═══ MATERIAL SHOWN ═══

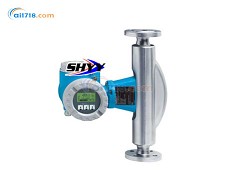 80F質(zhì)量流量計(jì)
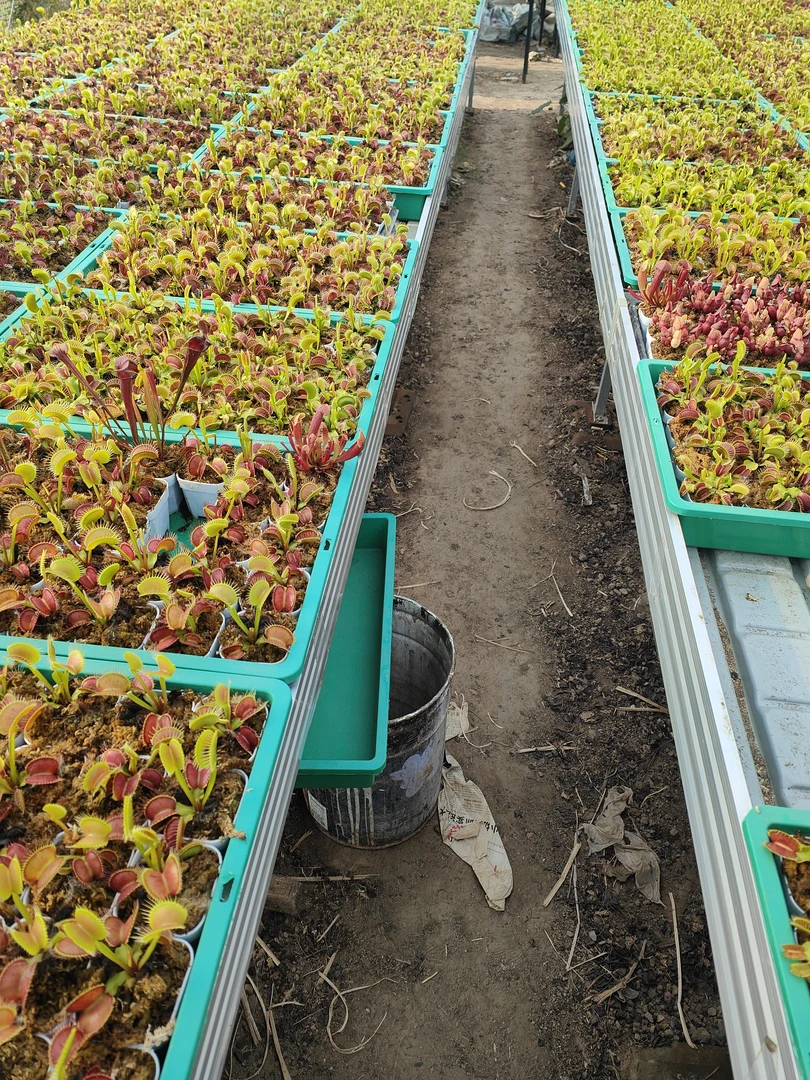 食虫植物一物一拍链接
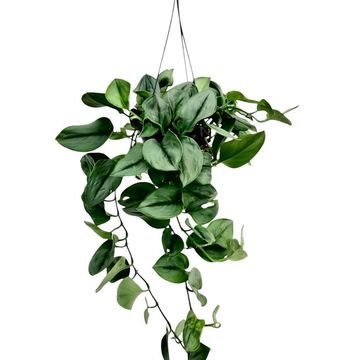 Scindapsus treubii 'Moonlight'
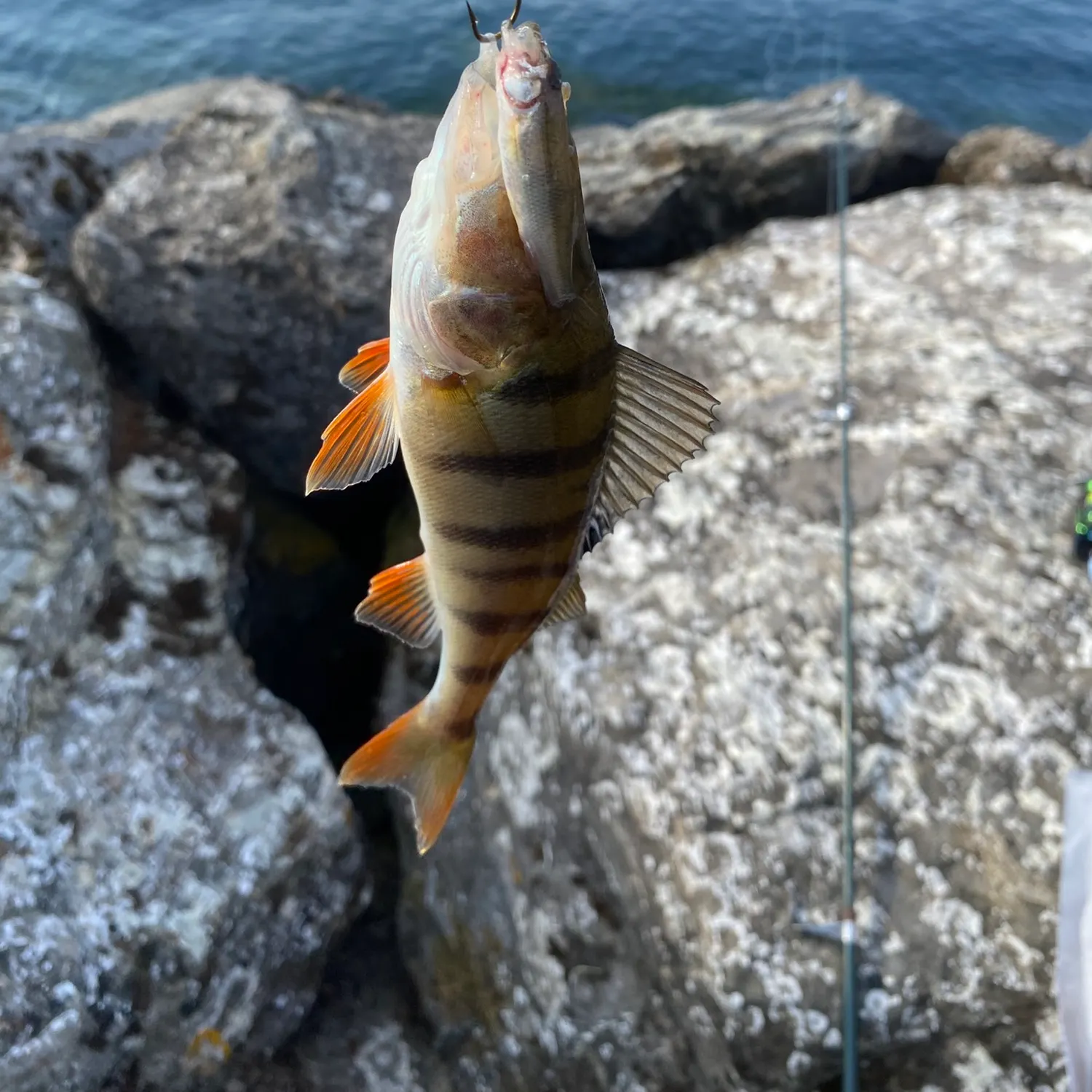 European perch caught on Fishbrain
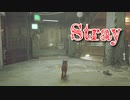 【Stray】「Neco Co.に侵入する猫」猫になって、人類の滅んだ世界を探索するアドベンチャーゲームをやっていくよ！【22匹目】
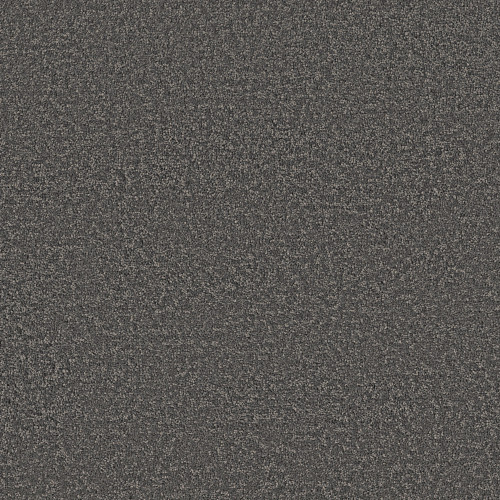 POSH LIFE - Shadow 00502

═══

(TASK STATEMENT) Omit each image and transcribe the remaining records word for word.

(THE ANSWER)
 80F質(zhì)量流量計(jì)
 食虫植物一物一拍链接
 Scindapsus treubii 'Moonlight'
 European perch caught on Fishbrain
 【Stray】「Neco Co.に侵入する猫」猫になって、人類の滅んだ世界を探索するアドベンチャーゲームをやっていくよ！【22匹目】
 POSH LIFE - Shadow 00502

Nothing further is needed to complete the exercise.